# Problem description
For the entries that follow, retype exactly the lines from the one containing "Now getting into" to the one containing "To stop ventilation, press", inclusive, and only those. Images stay out of the copy.

# Data to process
╭──

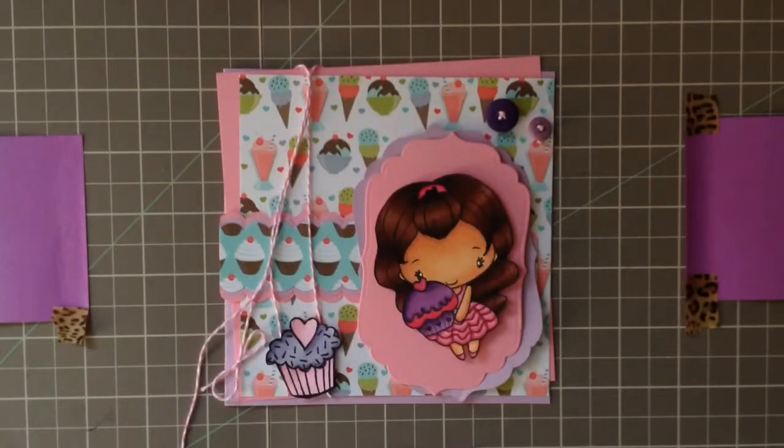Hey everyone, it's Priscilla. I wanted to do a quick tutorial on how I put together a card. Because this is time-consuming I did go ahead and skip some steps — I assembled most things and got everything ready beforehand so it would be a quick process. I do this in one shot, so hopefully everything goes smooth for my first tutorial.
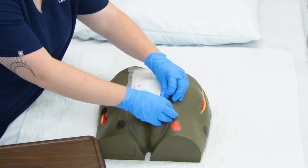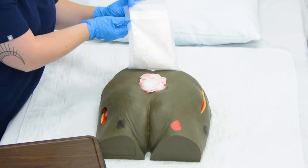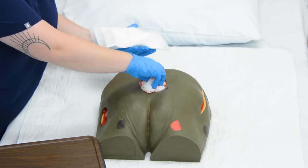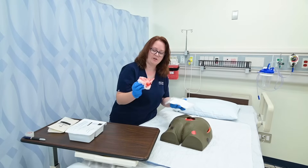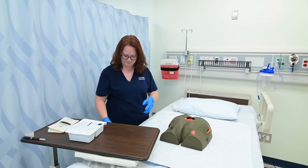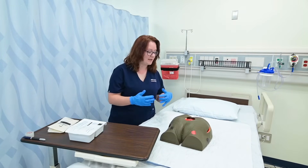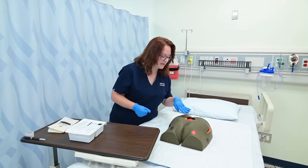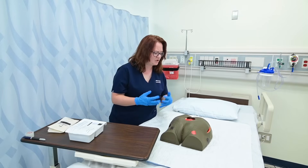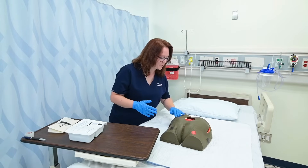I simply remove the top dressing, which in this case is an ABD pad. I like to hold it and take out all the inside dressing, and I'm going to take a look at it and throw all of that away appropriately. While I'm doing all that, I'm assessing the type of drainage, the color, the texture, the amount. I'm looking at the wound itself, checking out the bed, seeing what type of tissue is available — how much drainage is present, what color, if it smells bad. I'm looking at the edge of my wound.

╰──
╭──

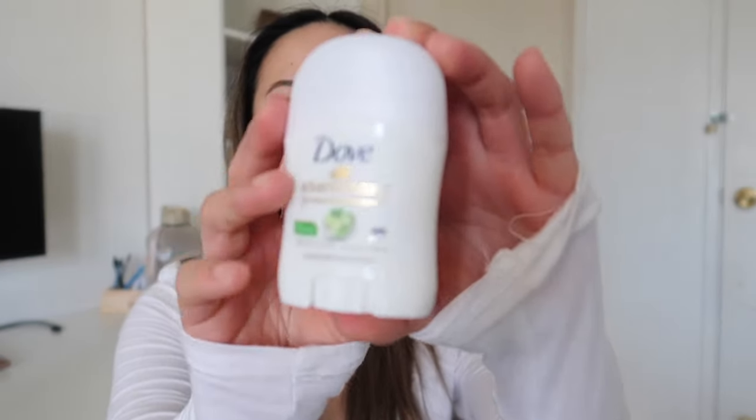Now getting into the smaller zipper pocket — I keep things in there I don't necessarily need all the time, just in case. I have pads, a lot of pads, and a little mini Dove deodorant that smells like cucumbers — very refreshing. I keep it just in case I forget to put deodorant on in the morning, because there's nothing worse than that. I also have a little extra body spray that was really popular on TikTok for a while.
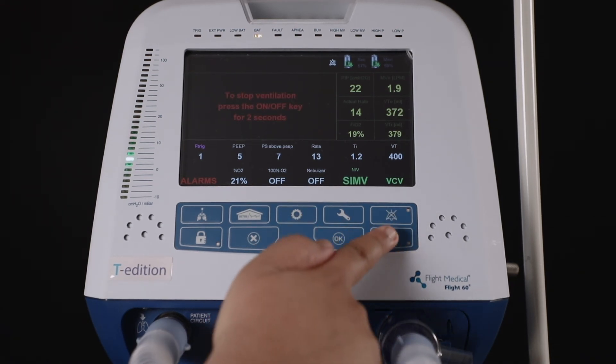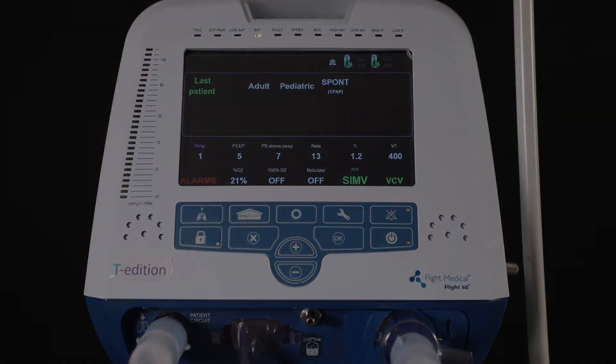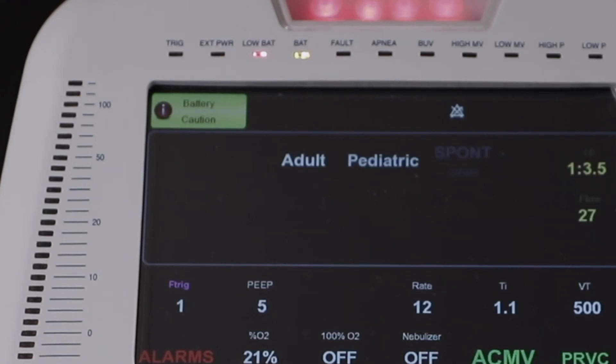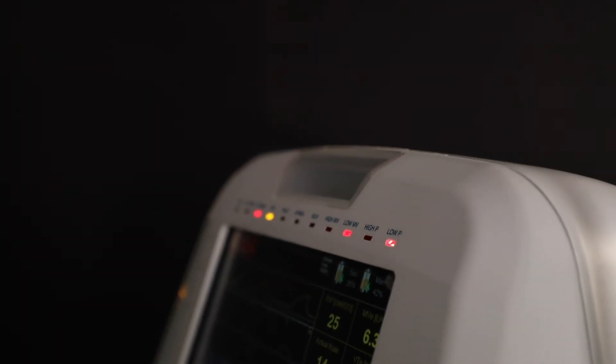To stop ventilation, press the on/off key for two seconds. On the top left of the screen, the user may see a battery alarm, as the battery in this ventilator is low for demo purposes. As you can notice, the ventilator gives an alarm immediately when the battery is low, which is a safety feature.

╰──
╭──

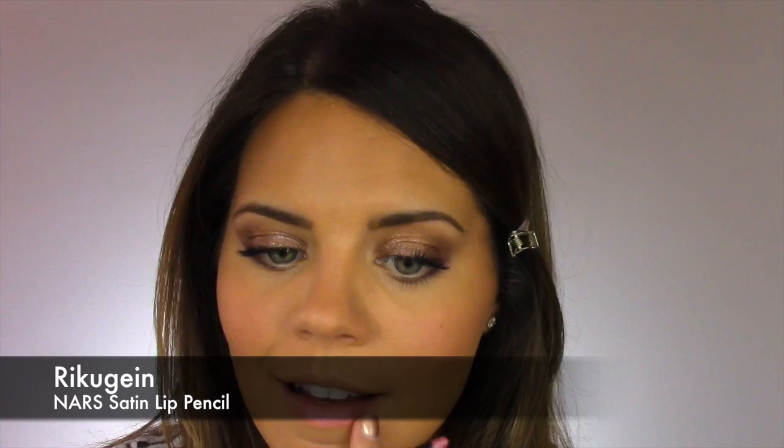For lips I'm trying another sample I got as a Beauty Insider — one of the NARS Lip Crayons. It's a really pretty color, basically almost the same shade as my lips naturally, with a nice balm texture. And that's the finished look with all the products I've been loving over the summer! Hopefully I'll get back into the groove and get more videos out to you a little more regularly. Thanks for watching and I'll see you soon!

╰──

# Output of the task
Now getting into the smaller zipper pocket — I keep things in there I don't necessarily need all the time, just in case. I have pads, a lot of pads, and a little mini Dove deodorant that smells like cucumbers — very refreshing. I keep it just in case I forget to put deodorant on in the morning, because there's nothing worse than that. I also have a little extra body spray that was really popular on TikTok for a while.
To stop ventilation, press the on/off key for two seconds. On the top left of the screen, the user may see a battery alarm, as the battery in this ventilator is low for demo purposes. As you can notice, the ventilator gives an alarm immediately when the battery is low, which is a safety feature.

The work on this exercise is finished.